BEGIN Raw data

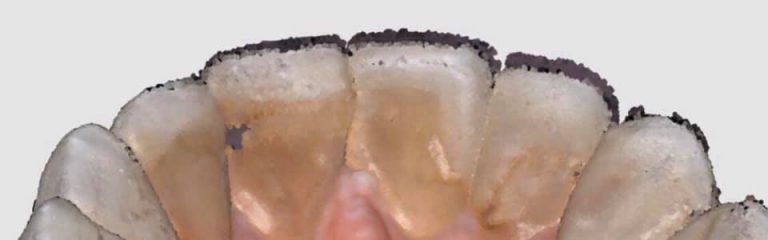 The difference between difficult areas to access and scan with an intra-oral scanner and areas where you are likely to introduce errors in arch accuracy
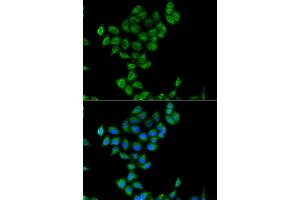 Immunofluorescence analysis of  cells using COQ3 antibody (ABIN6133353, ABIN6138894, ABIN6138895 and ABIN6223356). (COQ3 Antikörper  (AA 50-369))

END Raw data
BEGIN Raw data

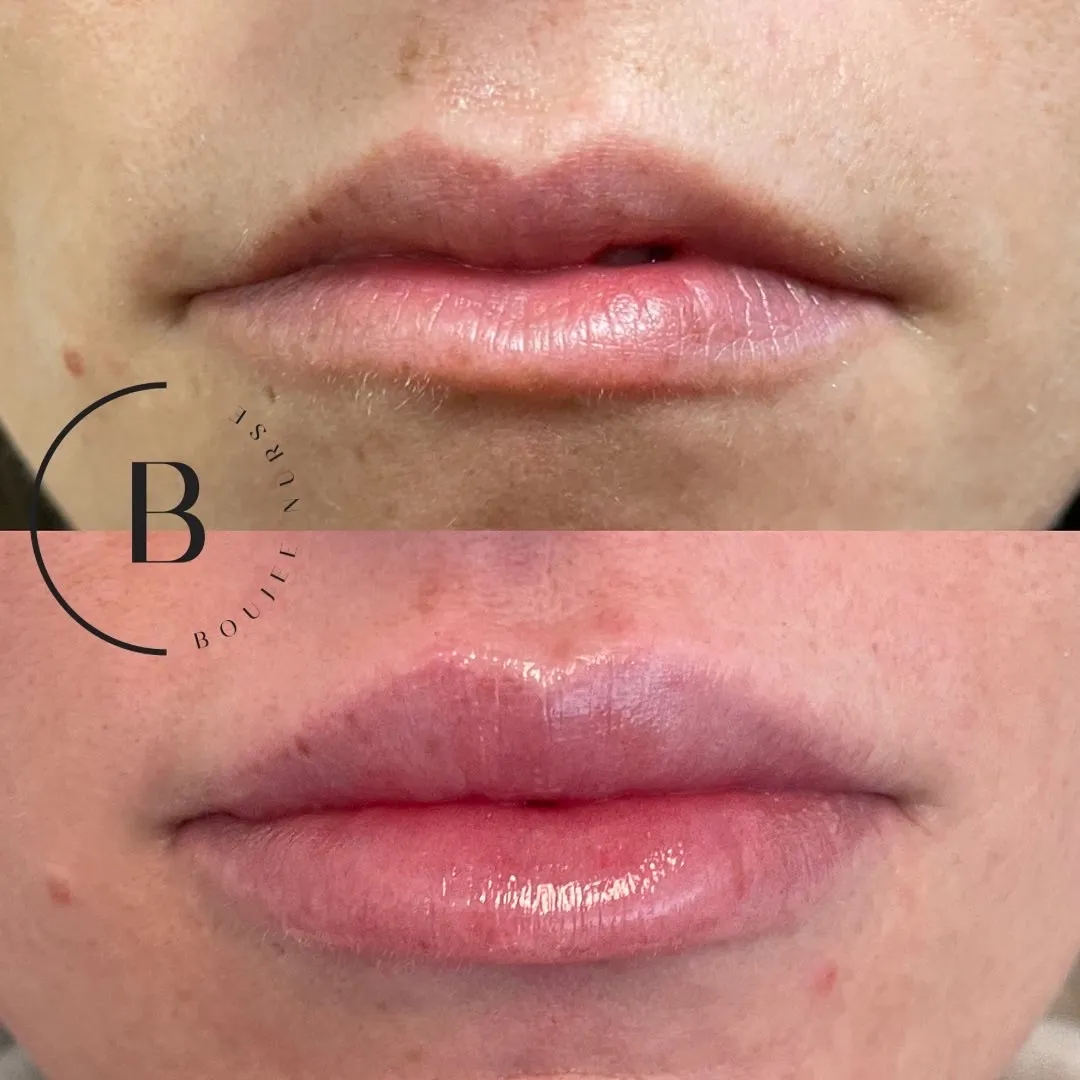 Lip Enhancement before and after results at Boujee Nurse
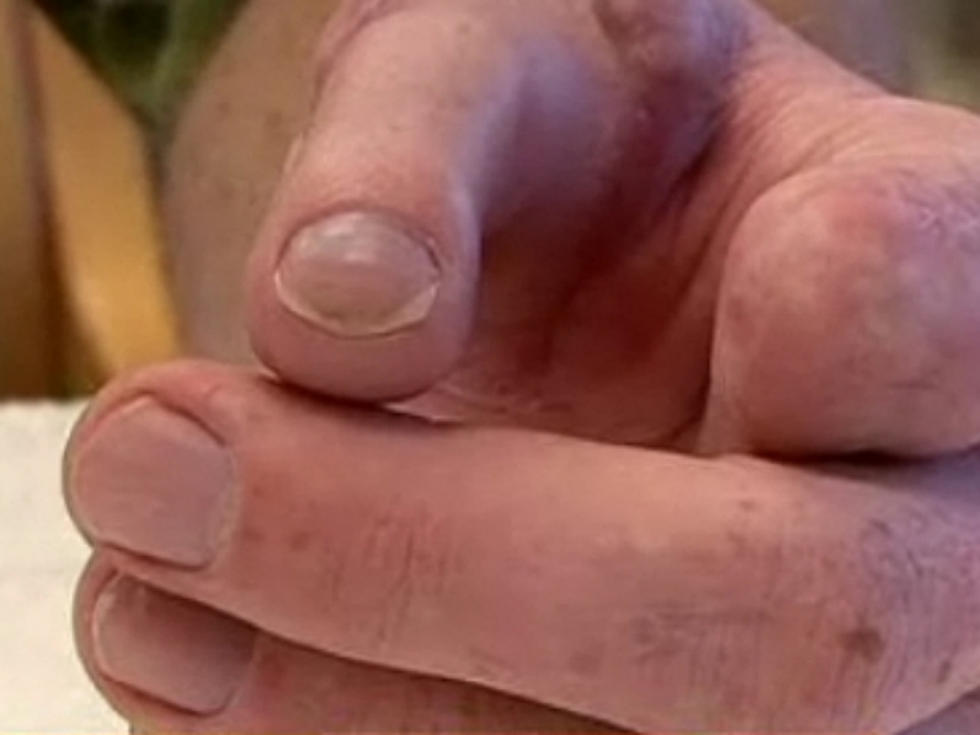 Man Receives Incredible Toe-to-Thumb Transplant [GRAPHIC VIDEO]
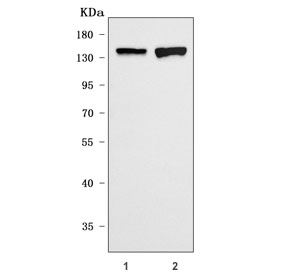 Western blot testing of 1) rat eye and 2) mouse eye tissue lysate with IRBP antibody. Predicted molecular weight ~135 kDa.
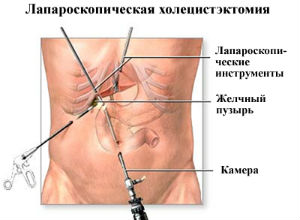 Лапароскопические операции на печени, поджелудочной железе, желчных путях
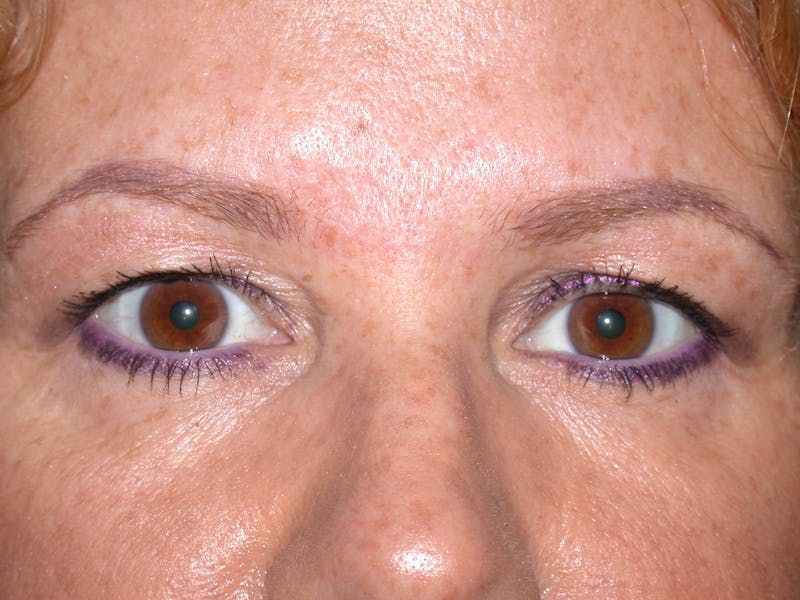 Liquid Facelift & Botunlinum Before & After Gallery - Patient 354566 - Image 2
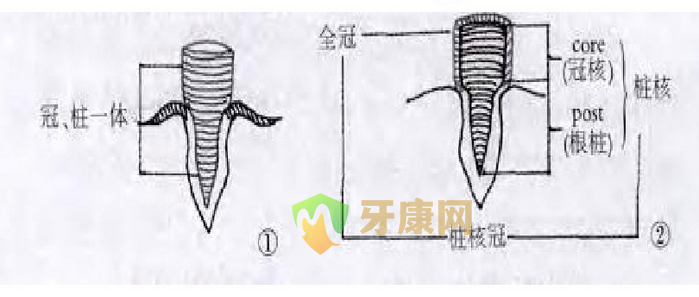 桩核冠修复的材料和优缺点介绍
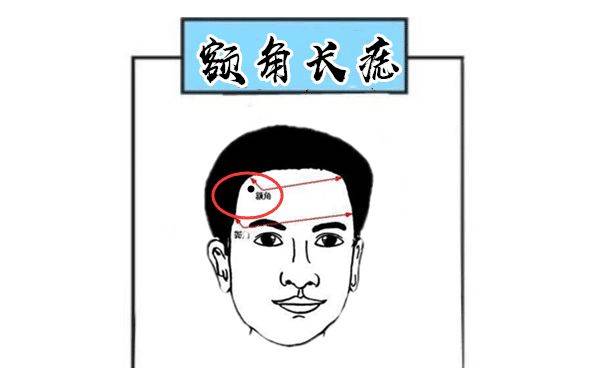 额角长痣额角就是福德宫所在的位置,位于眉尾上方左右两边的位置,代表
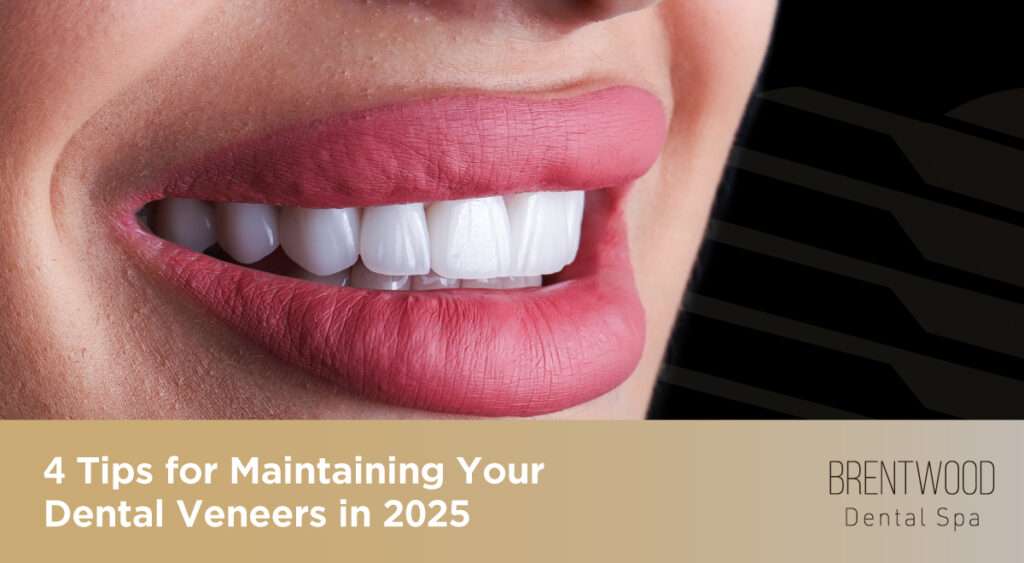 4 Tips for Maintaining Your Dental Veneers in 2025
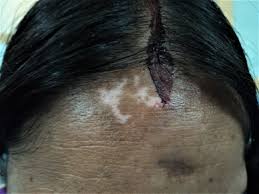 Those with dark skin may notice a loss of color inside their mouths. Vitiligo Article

END Raw data

Task item
Would you write out exactly the lines above, starting at the line containing "Liquid Facelift &" and stopping after the line containing "Those with dark"? Omit the pictures.

Your response
 Liquid Facelift & Botunlinum Before & After Gallery - Patient 354566 - Image 2
 桩核冠修复的材料和优缺点介绍
 额角长痣额角就是福德宫所在的位置,位于眉尾上方左右两边的位置,代表
 4 Tips for Maintaining Your Dental Veneers in 2025
 Those with dark skin may notice a loss of color inside their mouths. Vitiligo Article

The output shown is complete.